# How do I permanently display the progress bar?



## jess7878 (Apr 15, 2008)

Hello,

For my job, I watch tv shows and write about the watercooler moments for an online recap show. I have to write the approximate time code down of various scenes to submit to the editor but it's a pain to have to use the remote everytime I need to see what time the moment occurred.
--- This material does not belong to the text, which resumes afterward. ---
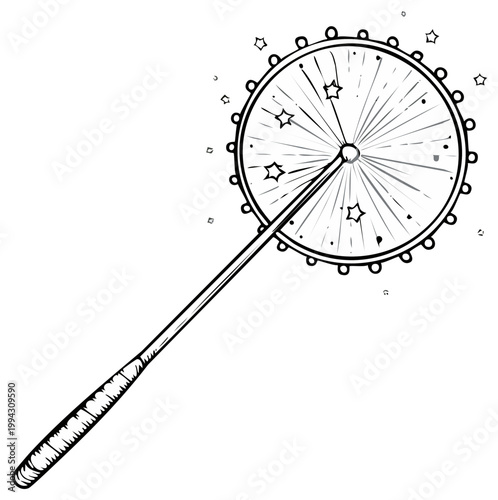 Illustration of a Magic Wand with Stars and Sparkles, Black and White Drawing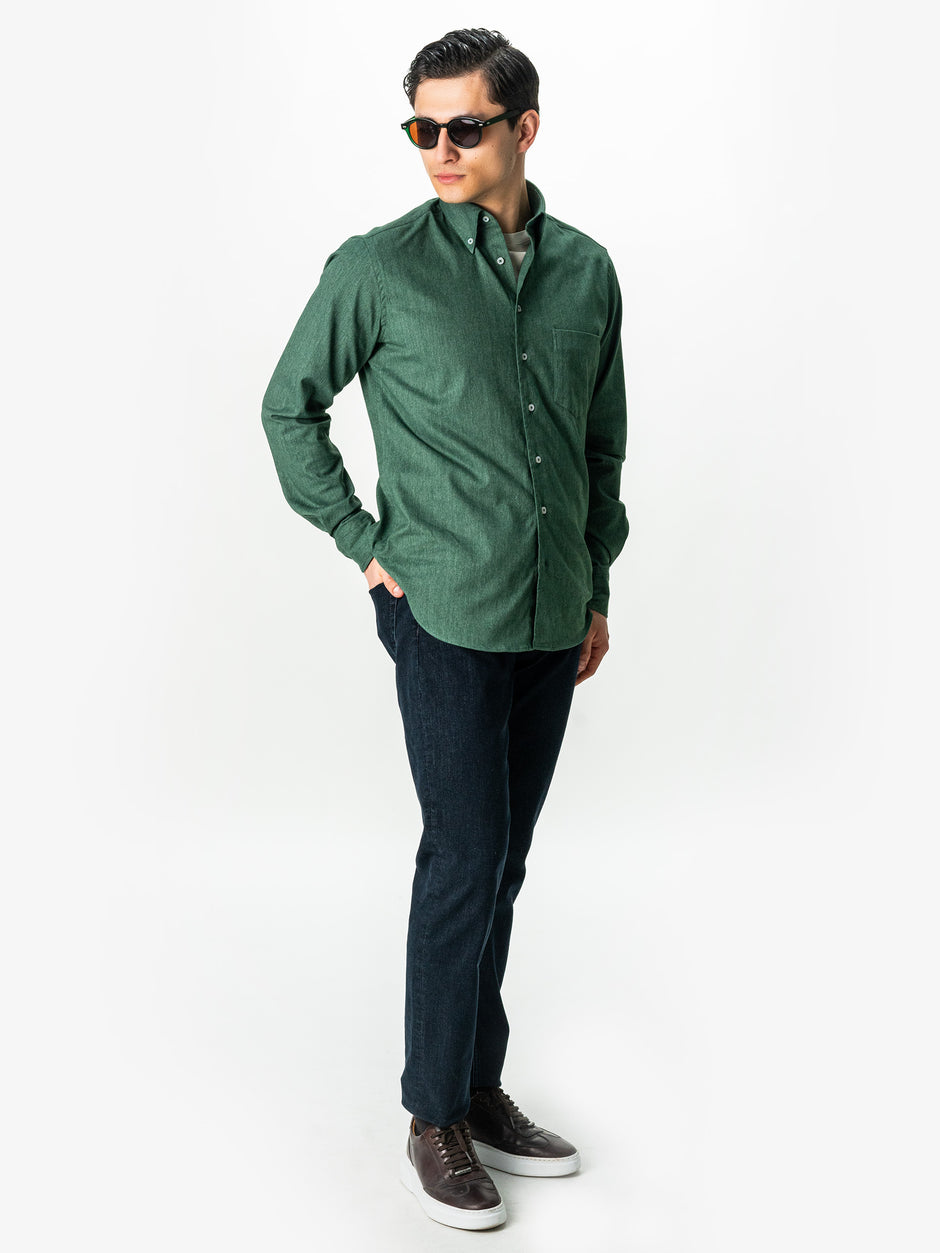 Camasa Barbati Casual Verde Brad Din Bumbac Natural Tip Flanel BMan0037 (4)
Is there a hack that will keep the green progress bar at the bottom permanently displayed so I can reference it quickly? I'm using a Series One.

Thanks so much!
Jessica


----------



## ciper (Nov 4, 2004)

Stream them to your PC and use the time display in Windows Media Player?


----------



## jess7878 (Apr 15, 2008)

Thanks for your reply, but I'm actually watching the Tivo feed from a slingbox. So if there's a way to do that in sling media player, I'm all ears!


----------



## Trent Bates (Dec 17, 2001)

http://www.benlo.com/slingbox/


----------



## ciper (Nov 4, 2004)

Use a stopwatch?


----------



## rbautch (Feb 6, 2004)

There's probably a way to grab the elapsed show time from MFS and have a script send it to OSD once a second. That might be more annoying than showing the progress bar continuously, which I don't think is possible.


----------



## Soapm (May 9, 2007)

This was posted a while back but I forget by whom.
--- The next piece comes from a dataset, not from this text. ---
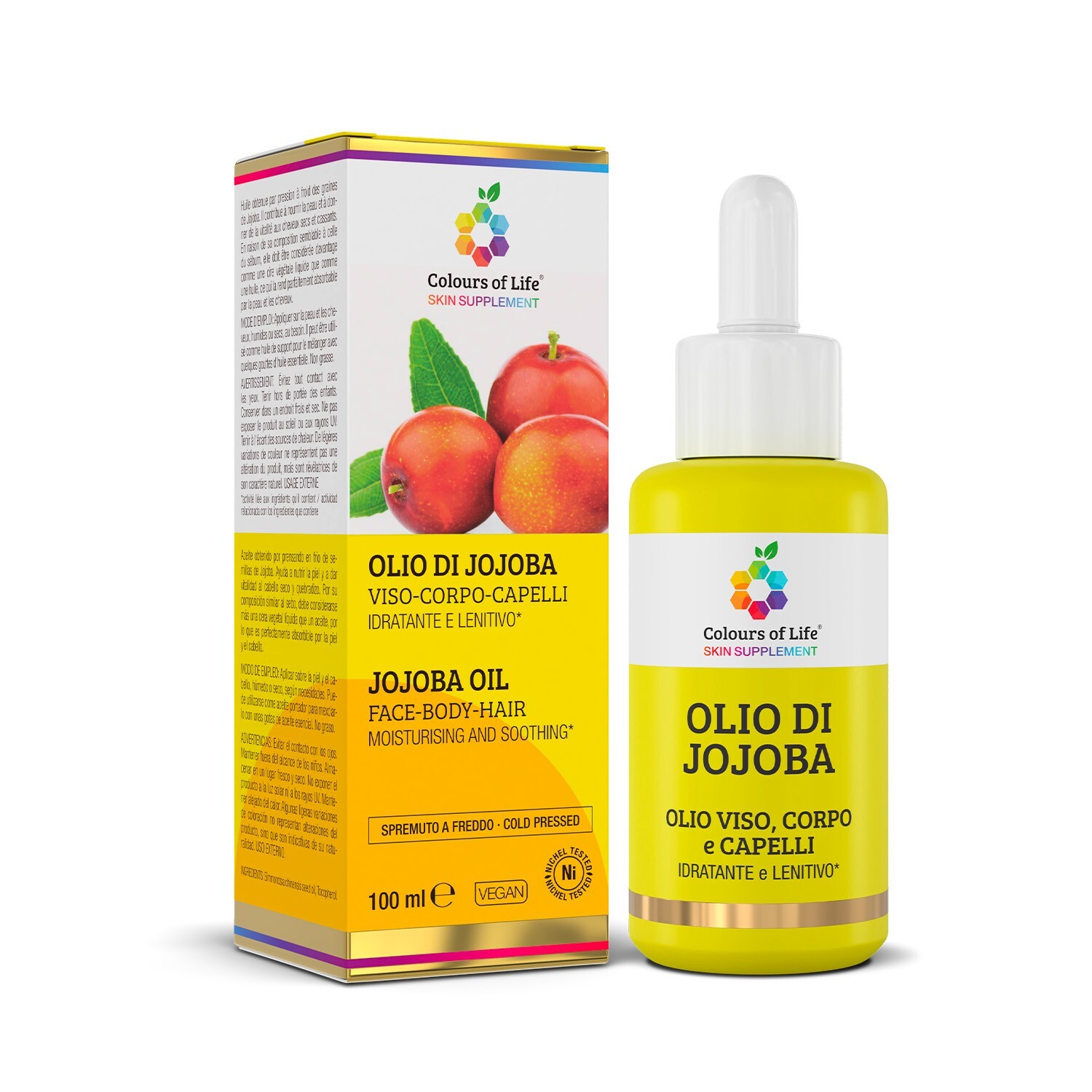 Olio di Jojoba 100 ml Colours Of Life Skin Supplement Optima Naturals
On-screen clock and Elapsed Time Indicator - Similarly, Select-Play-Select-9-Select (SPS9S) turns on an on-screen clock in the lower right corner of the screen. While watching a recording it also shows the elapsed time of the playback.


----------



## Trent Bates (Dec 17, 2001)

Soapm said:


> This was posted a while back but I forget by whom.
> 
> On-screen clock and Elapsed Time Indicator - Similarly, Select-Play-Select-9-Select (SPS9S) turns on an on-screen clock in the lower right corner of the screen. While watching a recording it also shows the elapsed time of the playback.


[Slaps forehead]
That's right! :up: I forgot about that!
[/Slaps forehead]

Still though, The Slingbox recorder software linked to a few posts above does this nicely!


----------



## jess7878 (Apr 15, 2008)

Thanks for that Soapm. It worked perfectly on my Series 2 Tivo but when I tried it on my Series 1 (the one that I need it on), it only showed the local time, not the time elapsed of the program, which I really need. Any advice?

Thanks!!


----------



## JWThiers (Apr 13, 2005)

Get a series 2? <Sarcasm>


----------



## Trent Bates (Dec 17, 2001)

jess7878 said:


> Thanks for that Soapm. It worked perfectly on my Series 2 Tivo but when I tried it on my Series 1 (the one that I need it on), it only showed the local time, not the time elapsed of the program, which I really need. Any advice?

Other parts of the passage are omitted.